Ou seja, mais uma vez, os contribuintes que não são contumazes, mas sim que enfrentam dificuldades pontuais para quitar seus tributos em atraso, terão benefícios bastante inferiores, o que não parece justo, apesar de compreensíveis as razões de ser.
De qualquer forma, ainda que não pareçam justos ou animadores os critérios para mensuração da capacidade de pagamento, em clara desvantagem à transação federal, as transações estaduais certamente serão de grande valia aos devedores, pois ainda que os descontos possam ser aplicados a poucos contribuintes, grandes vantagens seguem em jogo: a possibilidade de pagamento em até 120 ou 145 prestações, e de quitação com precatórios próprios ou adquiridos de terceiros com deságio, bem como créditos acumulados de ICMS e de produtor rural.
Sabe-se que ainda é muito cedo para uma avaliação quanto à efetividade da transação tributária estadual, mas o que se pode concluir desde já é que: há sim muitos motivos para comemoração e excelente expectativa tanto por parte dos contribuintes, quanto pelo próprio Governo, na mesma proporção em que há sim muitos motivos para preocupação.
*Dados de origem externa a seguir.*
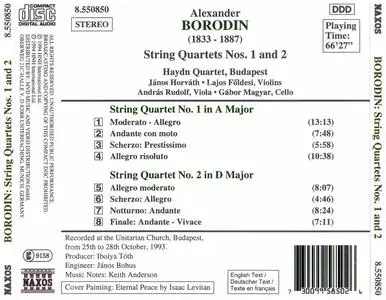 Haydn Quartet, Budapest - Alexander Borodin: String Quartets Nos. 1 & 2 (1994)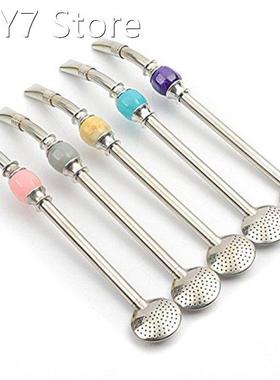 2pcs Premium SUS18/10 Stainless Steel Yerba Mate Bombilla S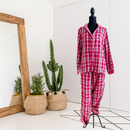 Plaid Flannel Pajama Set-1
É preciso que a administração estadual esteja munida de uma equipe preparada e numerosa, a fim de que possamos estar diante de uma transação que efetivamente funcione, e num prazo de tempo razoável. Todos têm a ganhar com isso: governo, contribuintes com grande passivo estadual e detentores de precatórios ou créditos de ICMS que desejam cedê-los.